▶ Problem description
Omit every picture, and retype the lines that run from the beginning of the data below through the line containing "Coming in to", inclusive.

====

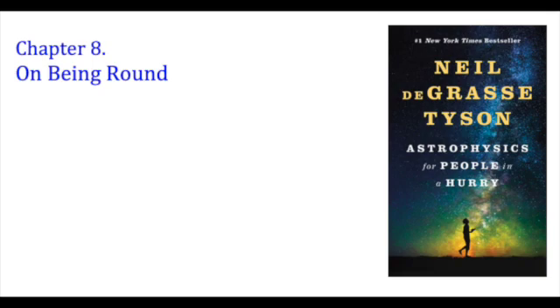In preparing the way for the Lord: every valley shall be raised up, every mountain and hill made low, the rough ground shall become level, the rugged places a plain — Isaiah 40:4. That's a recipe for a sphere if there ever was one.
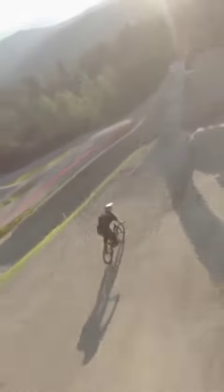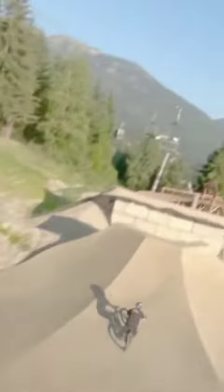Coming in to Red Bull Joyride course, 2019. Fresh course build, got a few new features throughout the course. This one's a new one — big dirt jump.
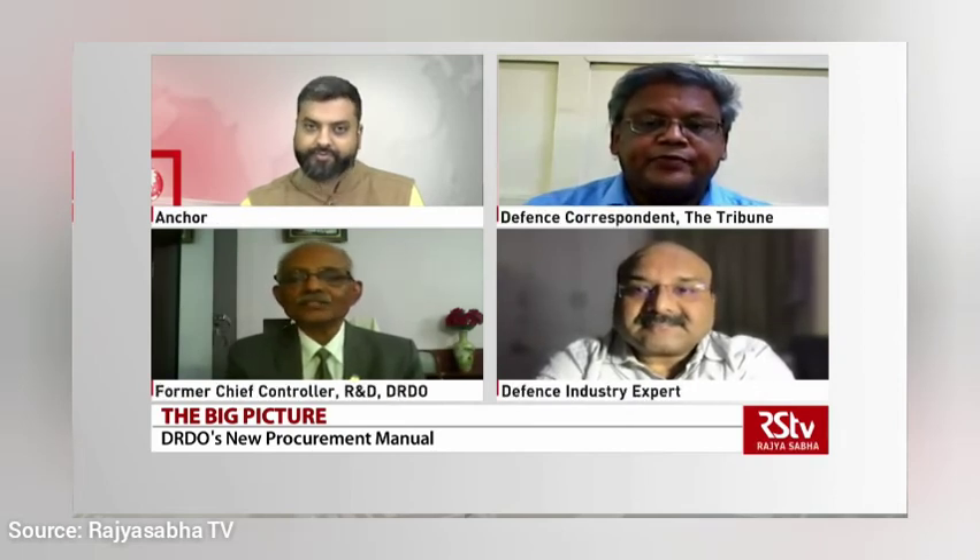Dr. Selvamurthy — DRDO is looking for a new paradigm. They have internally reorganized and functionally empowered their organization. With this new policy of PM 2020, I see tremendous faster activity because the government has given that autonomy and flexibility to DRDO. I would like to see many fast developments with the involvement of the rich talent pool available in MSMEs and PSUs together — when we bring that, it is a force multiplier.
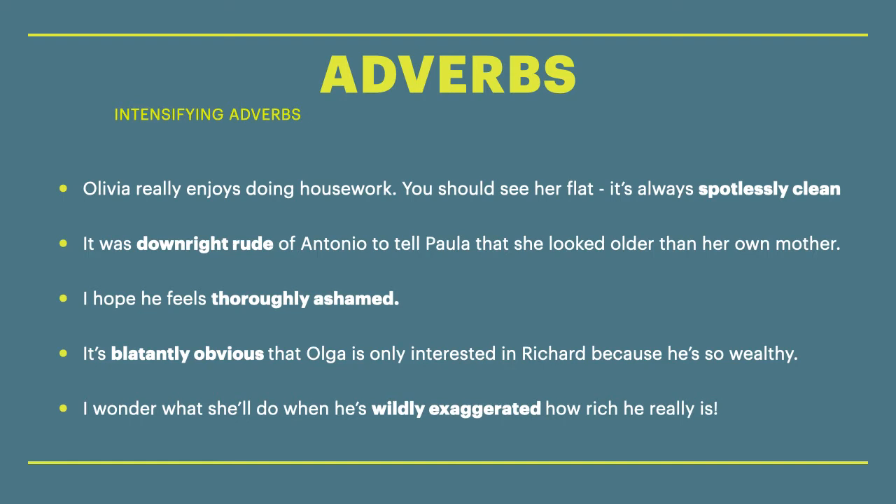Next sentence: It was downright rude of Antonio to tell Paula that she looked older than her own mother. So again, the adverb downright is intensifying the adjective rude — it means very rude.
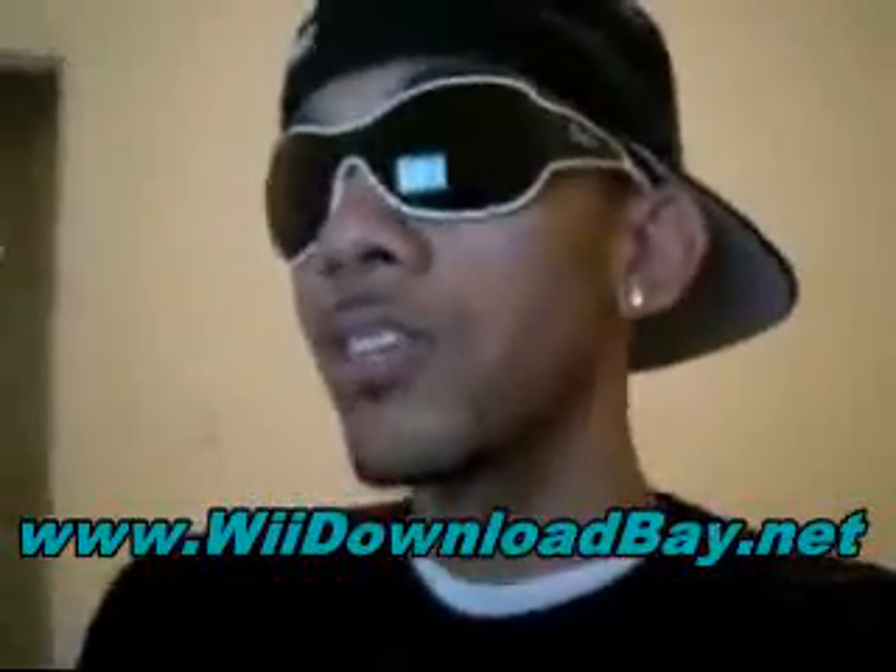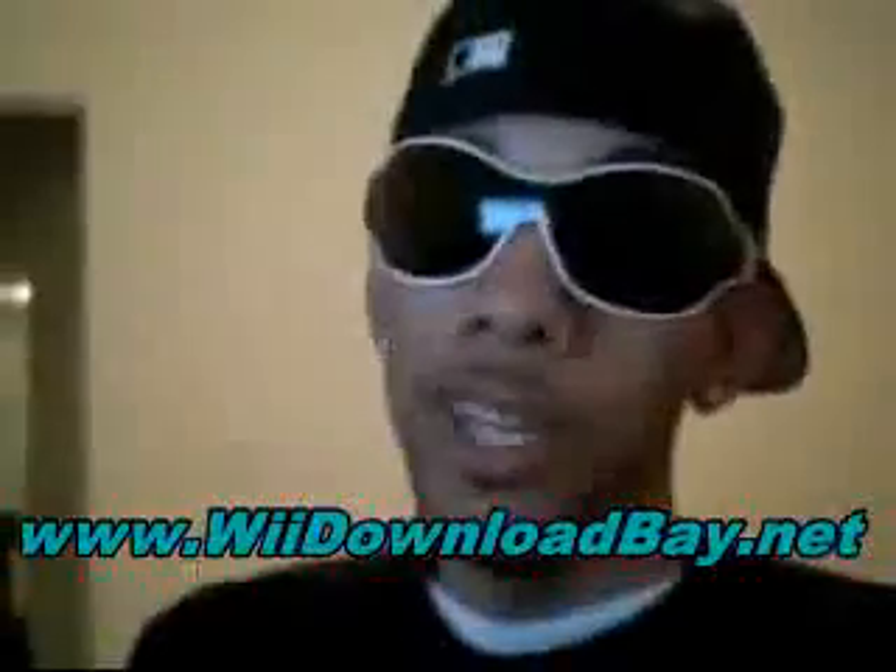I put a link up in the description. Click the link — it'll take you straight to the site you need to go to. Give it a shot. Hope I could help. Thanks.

====

▶ Result for this task
In preparing the way for the Lord: every valley shall be raised up, every mountain and hill made low, the rough ground shall become level, the rugged places a plain — Isaiah 40:4. That's a recipe for a sphere if there ever was one.
Coming in to Red Bull Joyride course, 2019. Fresh course build, got a few new features throughout the course. This one's a new one — big dirt jump.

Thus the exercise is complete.